» Directions:
Retype, without pictures, the line holding "老坛剁椒蒸鲜活鱼头-老湘村·湖南土菜(天河维多利店)" and each line below it through the final line.

» Stored data:
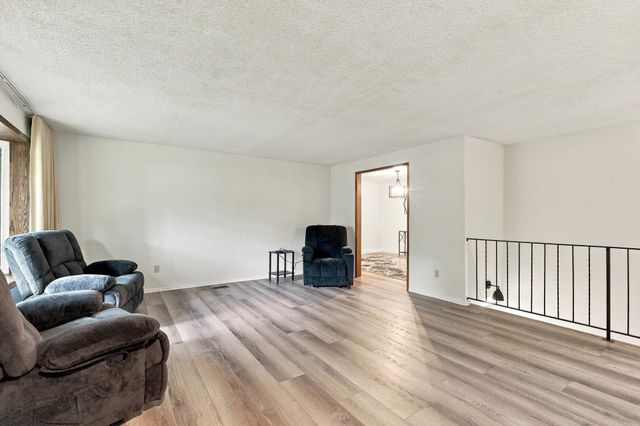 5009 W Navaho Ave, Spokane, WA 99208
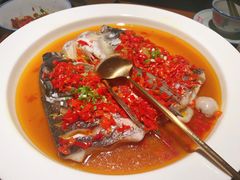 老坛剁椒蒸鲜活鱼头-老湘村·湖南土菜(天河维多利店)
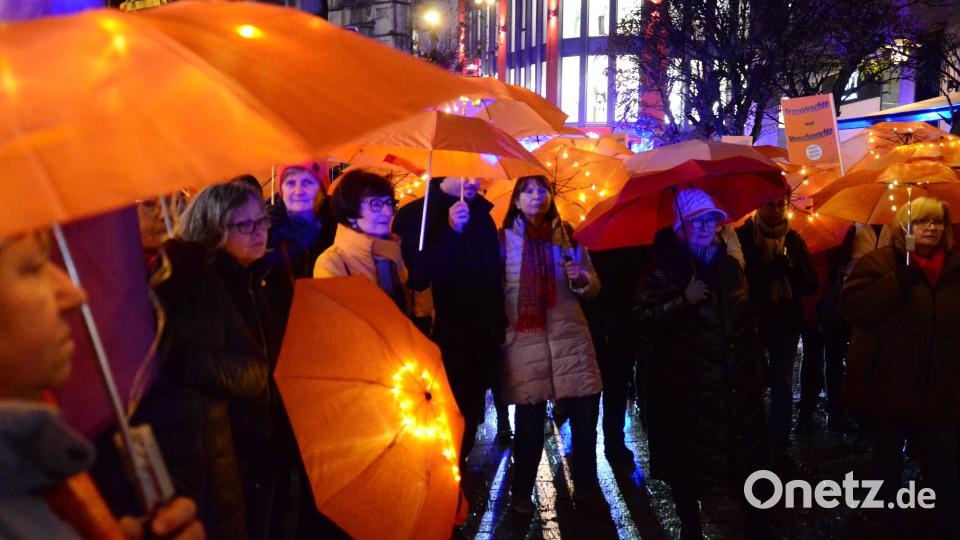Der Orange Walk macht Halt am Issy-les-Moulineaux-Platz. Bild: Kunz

» Task result:
 老坛剁椒蒸鲜活鱼头-老湘村·湖南土菜(天河维多利店)
Der Orange Walk macht Halt am Issy-les-Moulineaux-Platz. Bild: Kunz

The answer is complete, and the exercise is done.